Moving on another example of the endless possibilities offered by spatial packages in R. Time to talk about shape maps. A shape map is a visual built to show comparisons of regions on a map by applying different colors to each region. It is based on shapefile, a storage format nowadays universally recognized as the standard for storing geospatial information. A shapefile format spatially describes vector features: points, lines, polygons. It is therefore commonly used to represent geometric locations for data and its attributes.
继续研究R.中的空间包提供的无尽可能性的另一个例子。现在来谈谈形状图。 形状图 是一种可视化对象,用于通过对每个区域应用不同的颜色来显示地图上区域的比较。 它基于shapefile , shapefile是当今公认的存储地理空间信息的标准存储格式。 shapefile格式在空间上描述矢量特征:点,线,多边形。 因此,通常用于表示数据及其属性的几何位置。
This is how a shape map usually looks like:
形状图通常如下所示:
Using a shape map you can easily build a “choropleth”, a thematic map with different shades of color according to the measure you want to show.
使用形状贴图,您可以轻松地构建“色度”(choropleth),这是一个根据您要显示的度量具有不同色度的主题贴图。
If you want to know more about shape maps, please refer to my previous articles for this series How to create geographic maps in Power BI using built-in shape maps and How to create geographic maps in Power BI using custom shape maps
如果您想了解有关形状图的更多信息,请参阅本系列以前的文章。 如何使用内置形状 图在Power BI中创建地理图,以及如何使用自定义形状图在Power BI中创建地理图
Native shape map visual in Power BI has a big flaw; it is missing a legend.
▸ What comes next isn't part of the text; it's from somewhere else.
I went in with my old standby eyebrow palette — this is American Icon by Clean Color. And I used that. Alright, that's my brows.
Using shape maps in R you can overcome this issue and furthermore have access to many other features.
Power BI中的本机形状贴图可视化有一个很大的缺陷。 它缺少一个传说。 在R中使用形状贴图可以解决此问题,并且可以使用许多其他功能。
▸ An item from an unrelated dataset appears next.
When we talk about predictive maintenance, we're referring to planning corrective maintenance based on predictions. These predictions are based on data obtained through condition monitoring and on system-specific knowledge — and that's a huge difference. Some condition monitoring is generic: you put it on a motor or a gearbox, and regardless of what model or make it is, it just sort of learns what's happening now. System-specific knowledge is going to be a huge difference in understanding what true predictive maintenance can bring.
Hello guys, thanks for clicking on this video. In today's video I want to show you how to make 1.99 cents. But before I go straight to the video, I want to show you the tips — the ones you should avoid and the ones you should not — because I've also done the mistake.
For this example, we need a shapefile and some demo data. I prepared a MyEurope.shp and Europe_shape_demo_data.csv, which contains expenses amount for some European countries. Please download and copy to your R working directory.
对于此示例,我们需要一个shapefile和一些演示数据。 我准备了MyEurope.shp和Europe_shape_demo_data.csv,其中包含一些欧洲国家/地区的费用金额。 请下载并复制到R工作目录。
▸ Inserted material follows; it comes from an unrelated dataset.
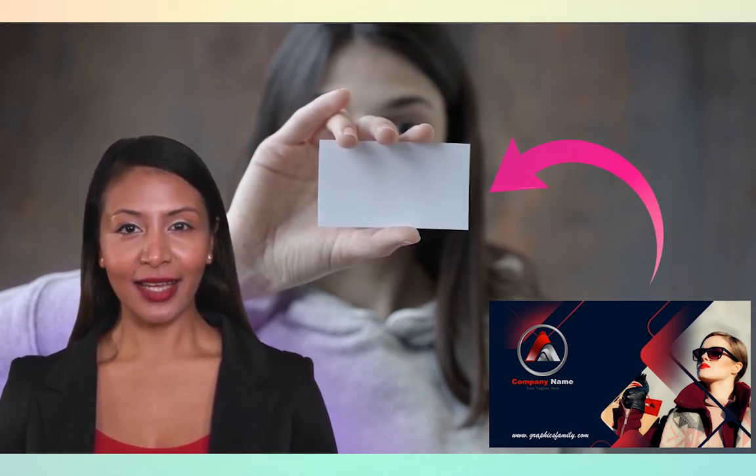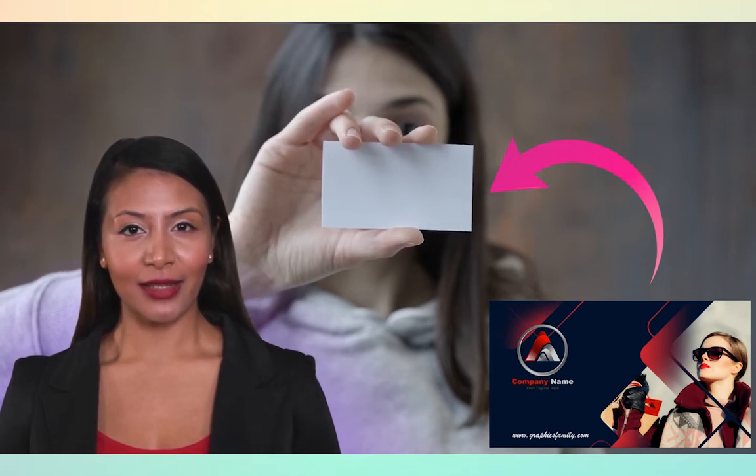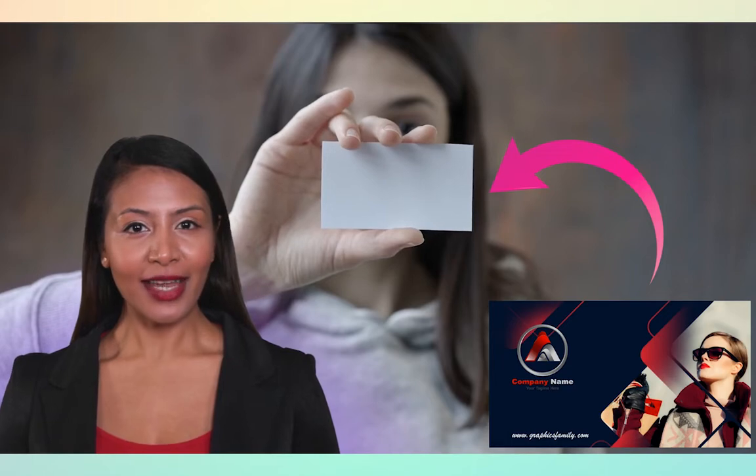So, are you ready to stand out in style with this free fashion design business card template that you can easily download and customize even without design skills? Let's dive in!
Some packages are missing. Open R studio and run the following commands:
一些软件包丢失。 打开R studio并运行以下命令:
install.packages("scales")
install.packages("maptools")
install.packages("plotly")
install.packages("sf")
install.packages("rgdal")
install.packages("rgeos")
install.packages("mapproj")
Open Power BI and import the file Europe_shape_demo_csv. As you can see, I includes a “Range” field for creating a legend. Add a new page to the report. Drag and drop an R visual into the canvas. Move all the fields from the dataset into the Values bucket: CountryCode, Range, TotalExpense
打开Power BI并导入文件Europe_shape_demo_csv。 如您所见,我包括一个用于创建图例的“范围”字段。 在报告中添加一个新页面。 将R视觉对象拖放到画布中。 将数据集中的所有字段移到“值”存储桶中:CountryCode,Range,TotalExpense
Below is the code to be executed into Power BI.
以下是要在Power BI中执行的代码。
library(ggplot2)
library(dplyr)
library(scales)
library(RColorBrewer)
library(maptools)
library(plotly)
library(sf)
library(units)
library(rgdal)
library(ggplot2)
library(rgeos)
#import shape file
setwd("C:/RMaps/EU_shape")
eu.shp <- readOGR(dsn = "C:/RMaps/Eu_shape", layer = "MyEurope") %>%
spTransform(CRS("+init=epsg:4326"))
#import demo data
setwd("C:/RMaps")
eu.dt <- read.csv("Europe_shape_demo_data.csv",header = TRUE, sep = ';')
colnames(eu.dt)[1] <- "CountryCode"
#fortify shape file to get into dataframe
eu.shp.f <- fortify(eu.shp, region = "GMI_CNTRY")
#rename the id column to match the CountryCode from the other dataset
colnames(eu.shp.f)[6] <- "CountryCode"
#merge with CountryCodes
merge.shp <-merge(eu.shp.f, eu.dt, by="CountryCode", all.x=TRUE)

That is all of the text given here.